Ray Serve High Availability
Deployment of ML models on EKS requires access to GPUs or Neuron instances. If your deployment isn't working, it’s often due to missing access to these resources. Also, some deployment patterns rely on Karpenter autoscaling and static node groups; if nodes aren't initializing, check the logs for Karpenter or Node groups to resolve the issue.
Note: Mistral-7B-Instruct-v0.2 is a gated model in Huggingface repository. In order to use this model, one needs to use a HuggingFace Token.
To generate a token in HuggingFace, log in using your HuggingFace account and click on Access Tokens
menu item on the Settings page.
Ray Head Node High Availability With Elastic Cache for Redis
A critical component of a Ray cluster is the head node, which orchestrates the entire cluster by managing task scheduling, state synchronization, and node coordination. However, by default, the Ray head Pod represents a single point of failure; if it fails, the entire cluster including the Ray worker Pods need to be restarted.
To address this, High Availability (HA) for the Ray head node is essential. Global Control Service (GCS) manages cluster-level metadata in a RayCluster. By default, the GCS lacks fault tolerance as it stores all data in-memory, and a failure can cause the entire Ray cluster to fail. To avoid this, one must add fault tolerance to Ray’s Global Control Store (GCS), which allows the Ray Serve application to serve traffic even when the head node crashes. In the event of a GCS restart, it retrieves all the data from the Redis instance and resumes its regular functions.
Following sections provide the steps on how to enable GCS fault tolerance and ensure high availability for the Ray head Pod. We're using the Mistral-7B-Instruct-v0.2
model to demonstrate the Ray head high availability.

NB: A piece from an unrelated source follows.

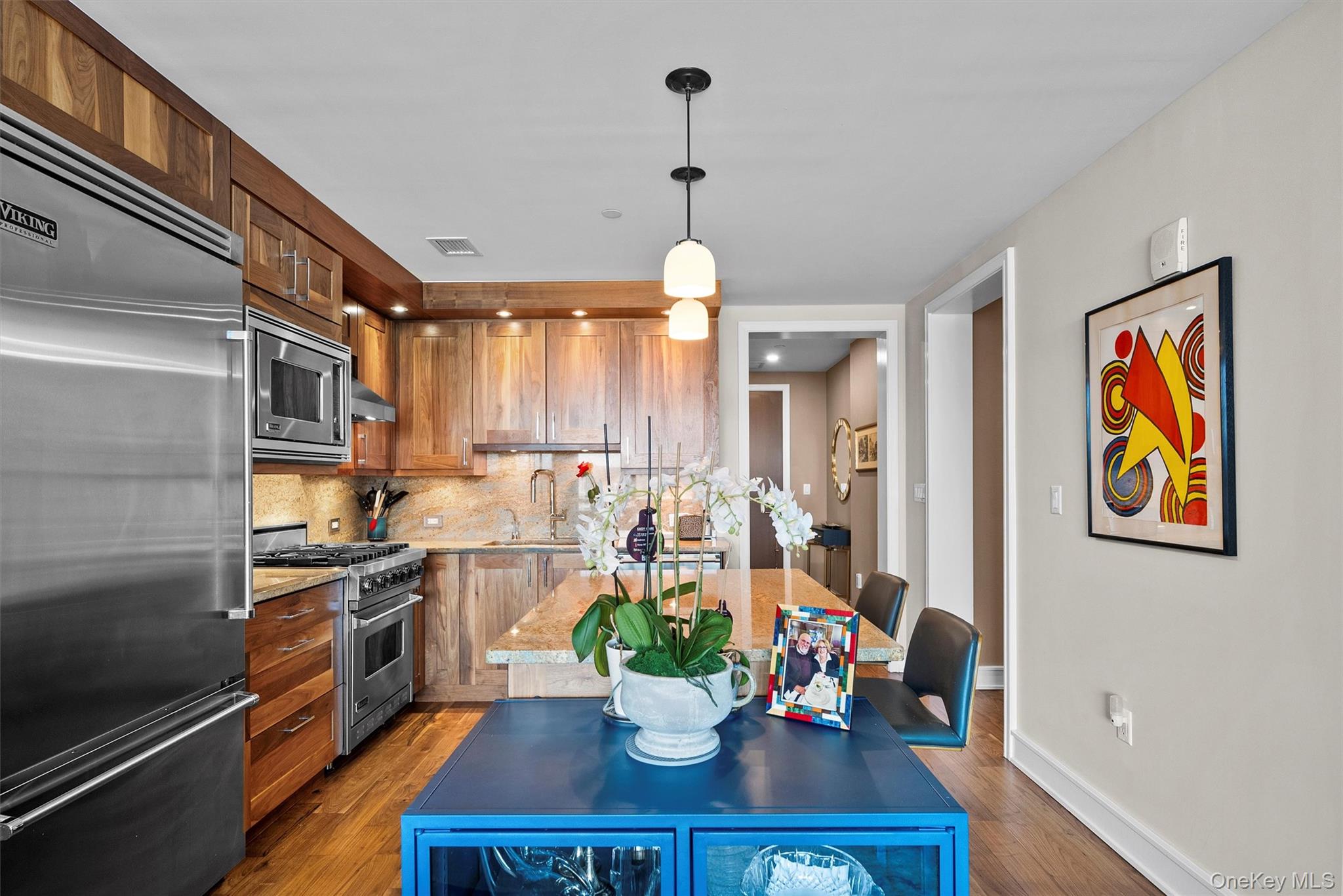 #7 photo, 5 Renaissance Square, White Plains , NY 10601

Add an External Redis Server
GCS fault tolerance requires an external Redis database. You can choose to host your own Redis database, or you can use one through a third-party vendor.

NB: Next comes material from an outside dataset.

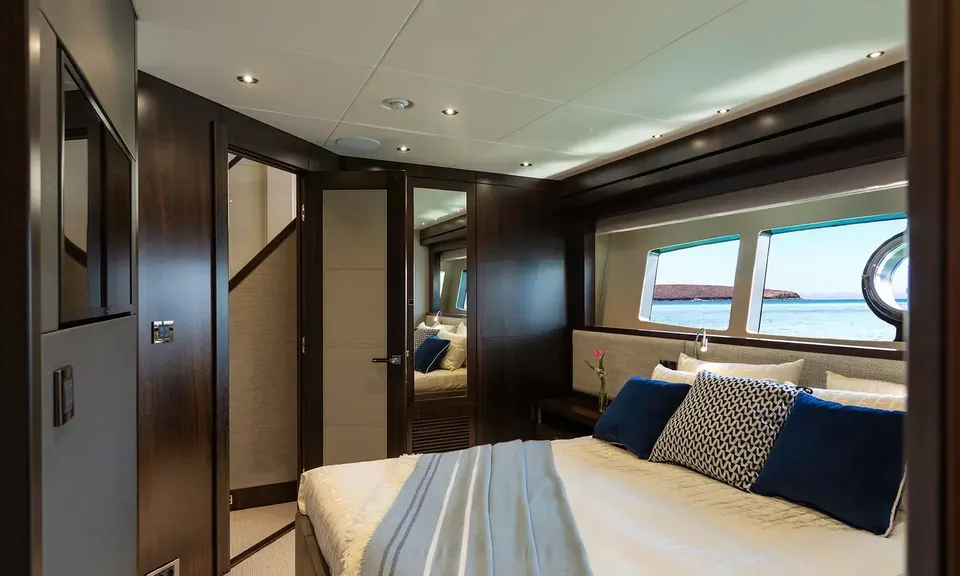 Mr. K Iriston, 2021 Sunseeker 95 Yacht, photo 14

For development and testing purposes, you can also host a containerized Redis database on the same EKS cluster as your Ray cluster. However, for production setups, it's recommended to use a highly available external Redis cluster. In this pattern, we've used Amazon ElasticCache for Redis to create an external Redis cluster. You can also choose to use Amazon memoryDB for setting up a Redis cluster.
As part of the current blueprint, we've added a terraform module named elasticache
that creates an Elastic Cache Redis cluster in AWS. This uses The Redis cluster has cluster mode disabled and contain one node. This cluster node's endpoint can be used for both reads and writes.
Key things to note in this module are -
- The Redis Cluster is in the same VPC as the EKS cluster. If the Redis cluster is created in a separate VPC, then VPC peering needs to be set up between the EKS cluster VPC and the Elastic Cache Redis cluster VPC to enable network connectivity.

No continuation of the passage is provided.